> [Exercise brief] Pictures aside, reproduce exactly and only the lines below, starting at the one containing "Harvé Benard Adorable" and ending at the last line.

----------------------------------------

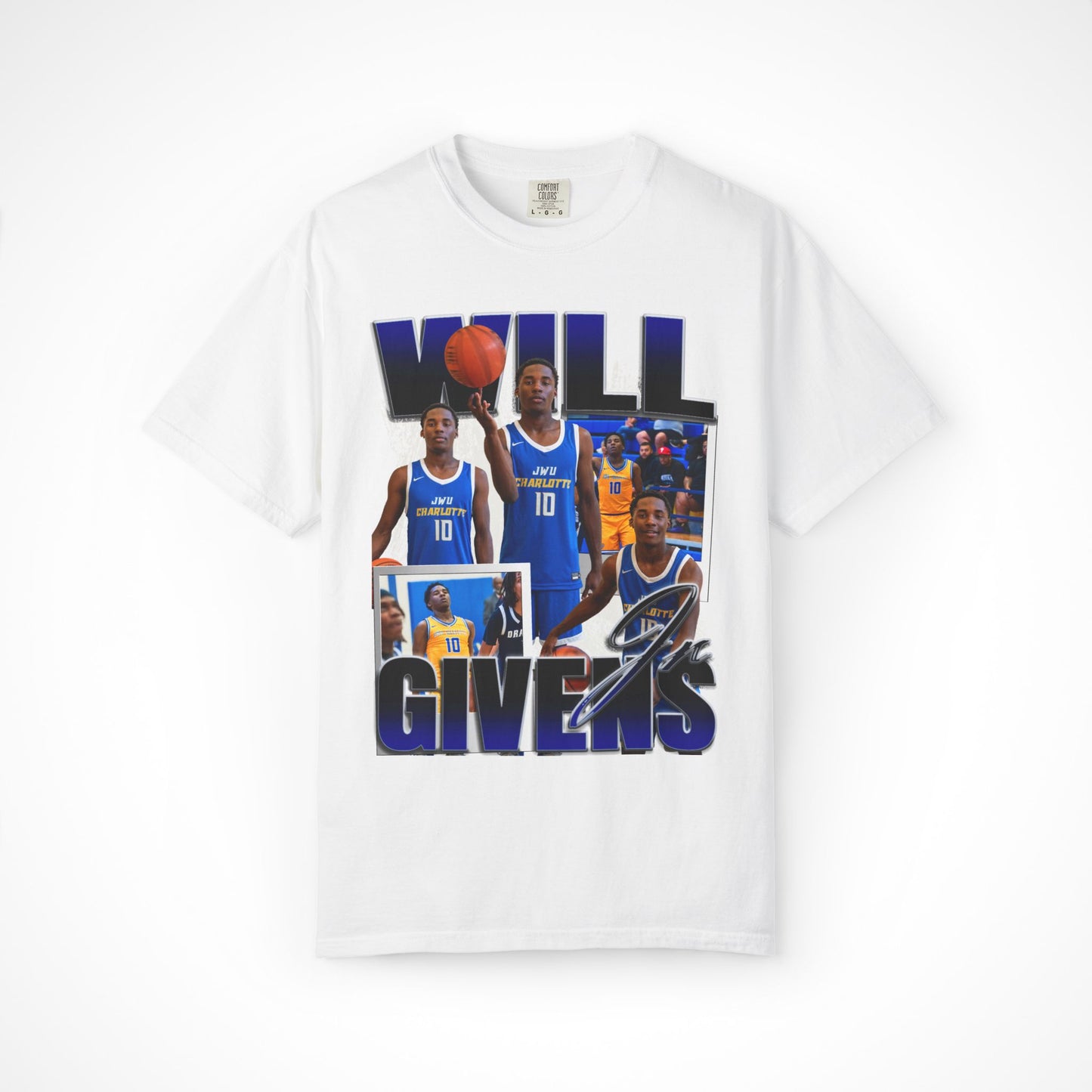 Will Givens Jr. Graphic Tee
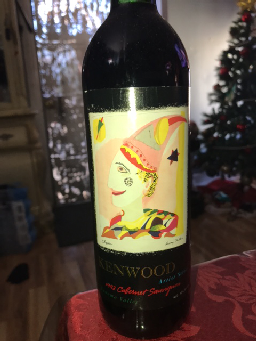 Artist Series Cabernet Sauvignon - Image 1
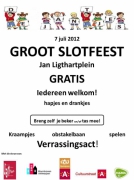 2012-07-07 Vakantiestraat + Slotofeest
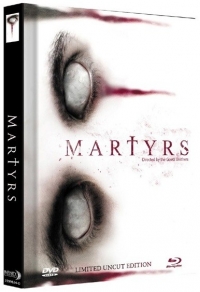 Martyrs (2015) Cover D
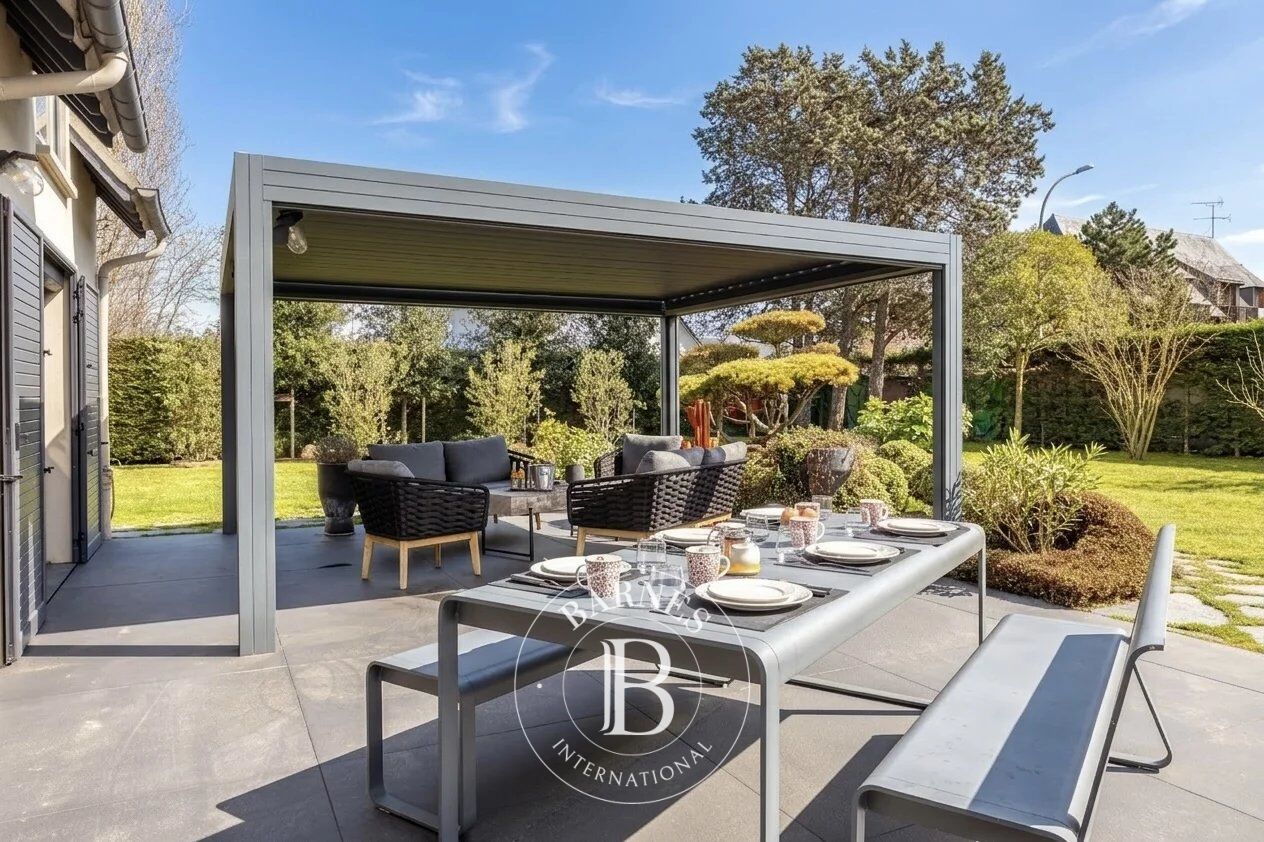 TOURGEVILLE PLAGE - Villa 4 chambres - Piscine - Sauna - picture 3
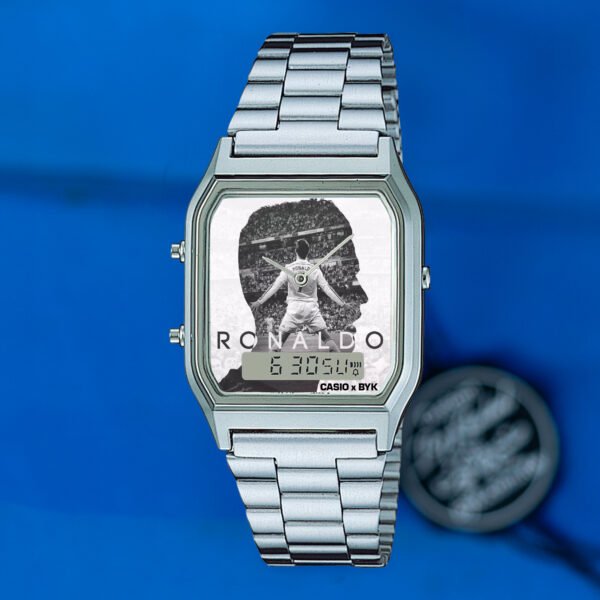 1 Cristiano Ronaldo Watch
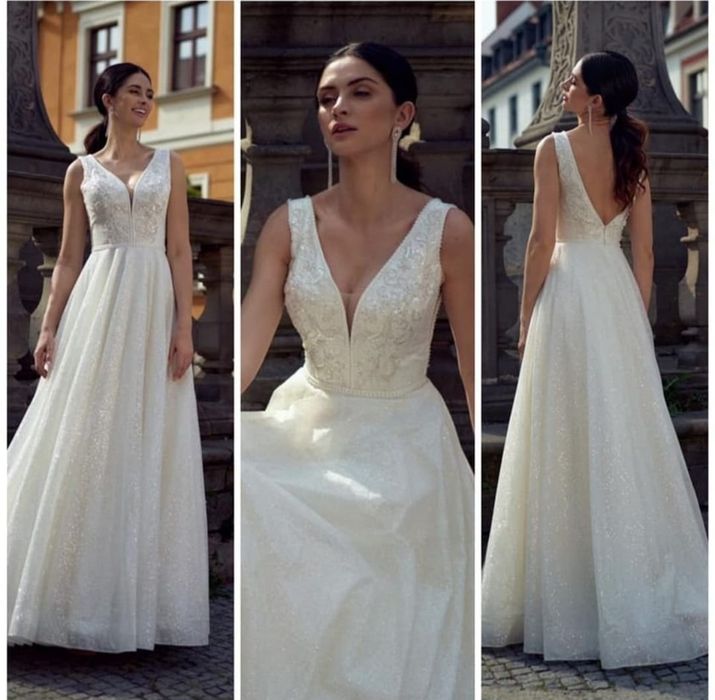 Suknia ślubna Annais Bridal Ressa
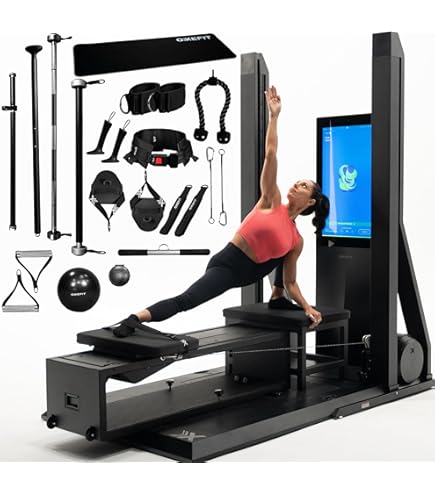 Amazon.com: DYK&NX High-Frequency Vibration Fitness Bar, High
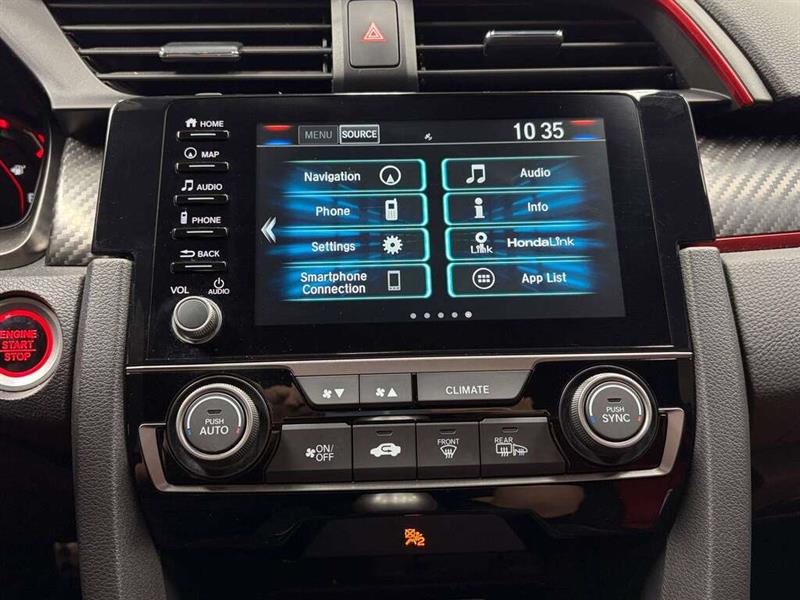 honda Civic 2020 - 23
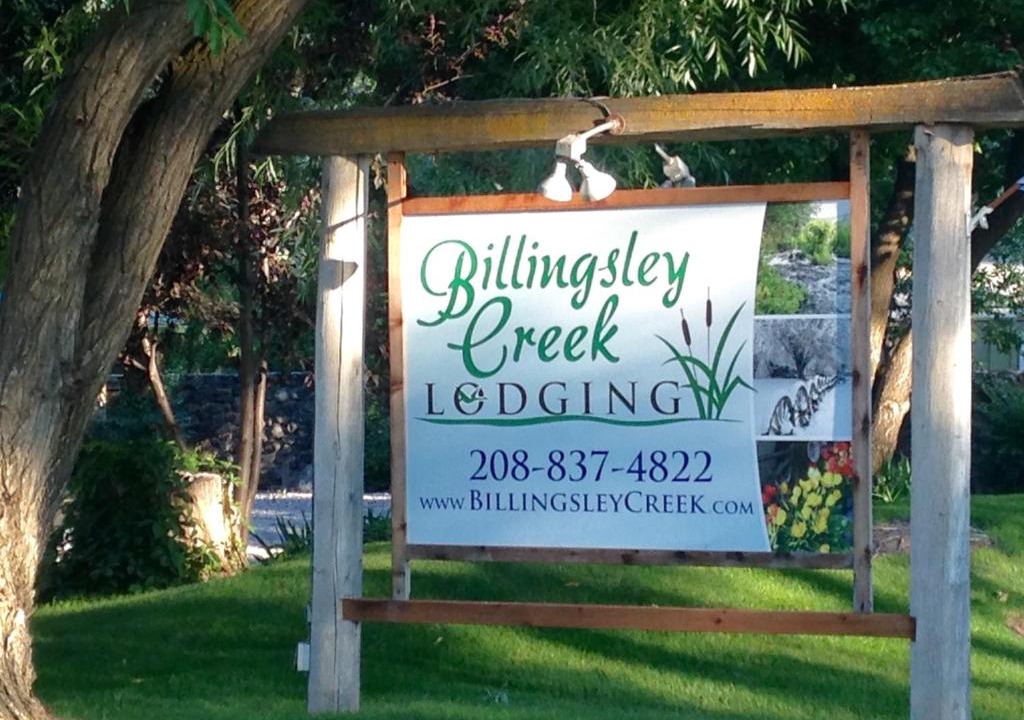 Hagerman Cabin | Billingsley Creek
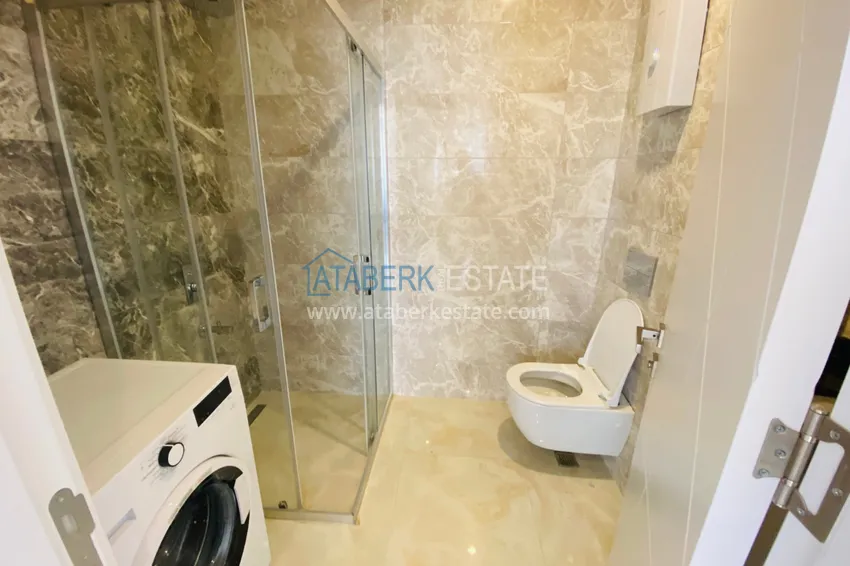 Purchase  Apartment for rent in Alanya in a comfortable residential complex A37 13 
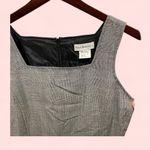 Harvé Benard Adorable vintage 90’s Harve Benard Sport square neck wool plaid jumper dress Photo 2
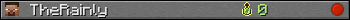 TheRainly userbar 350x20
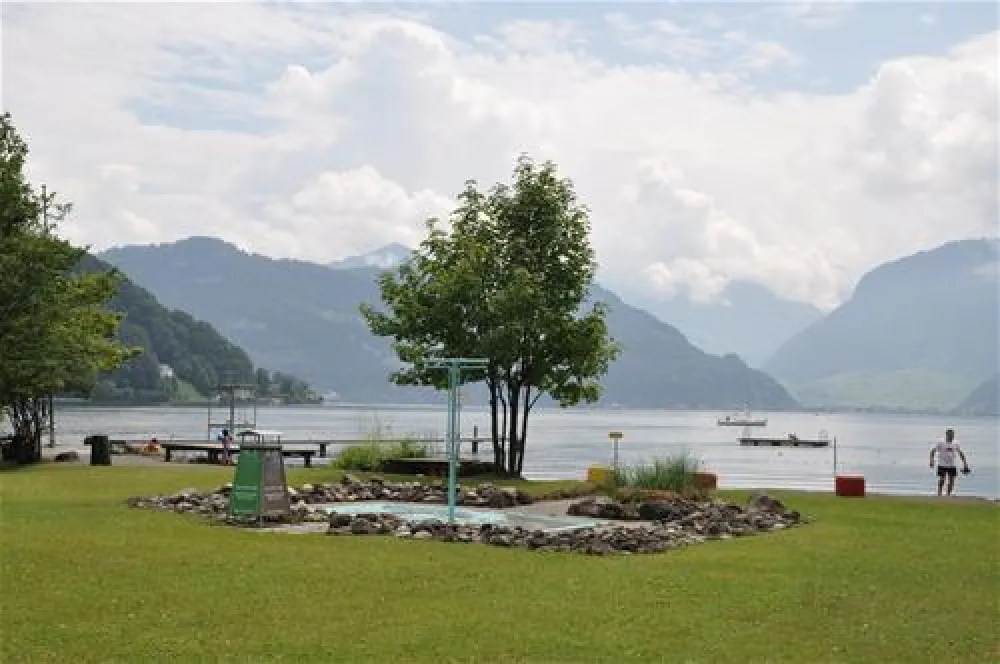 TCS Camping Luzern - Horw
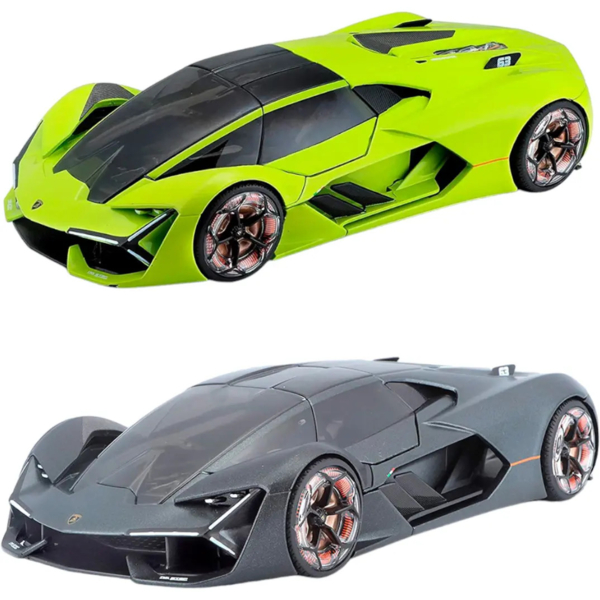Автомодель Bburago Lamborghini Terzo Millennio, 1:24, в асортименті (18-21094) - Pampik - 2
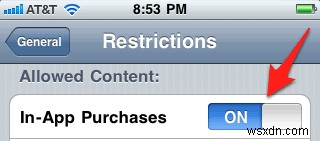 วิธีปิดใช้งานการซื้อภายในแอพบน iPhone, iPad หรือ iPod Touch ของคุณ 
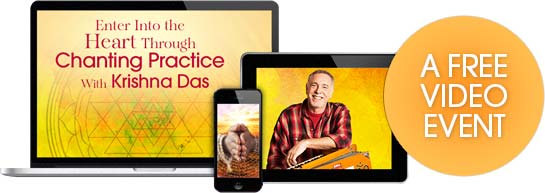 Chant along with Kirtan Music and Krishna Das Chanting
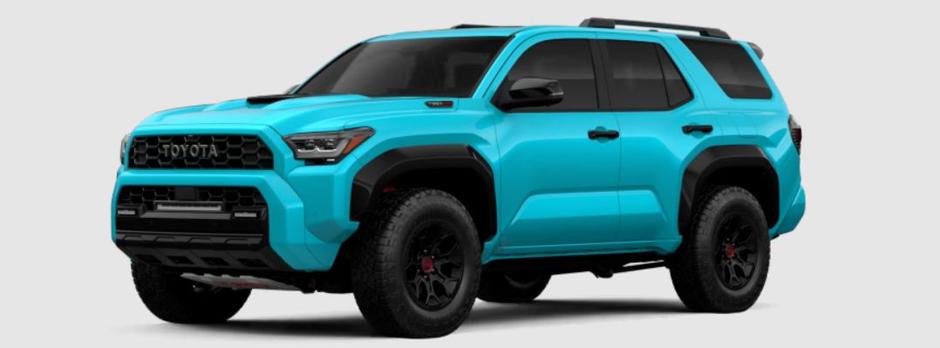 Toyota 4Runner | Avtor: Toyota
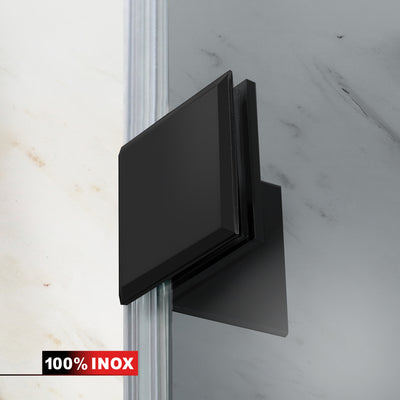 Bath screen, Bath screen Stainless steel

----------------------------------------

> [Solved exercise]
 Harvé Benard Adorable vintage 90’s Harve Benard Sport square neck wool plaid jumper dress Photo 2
 TheRainly userbar 350x20
 TCS Camping Luzern - Horw
Автомодель Bburago Lamborghini Terzo Millennio, 1:24, в асортименті (18-21094) - Pampik - 2
 วิธีปิดใช้งานการซื้อภายในแอพบน iPhone, iPad หรือ iPod Touch ของคุณ 
 Chant along with Kirtan Music and Krishna Das Chanting
 Toyota 4Runner | Avtor: Toyota
 Bath screen, Bath screen Stainless steel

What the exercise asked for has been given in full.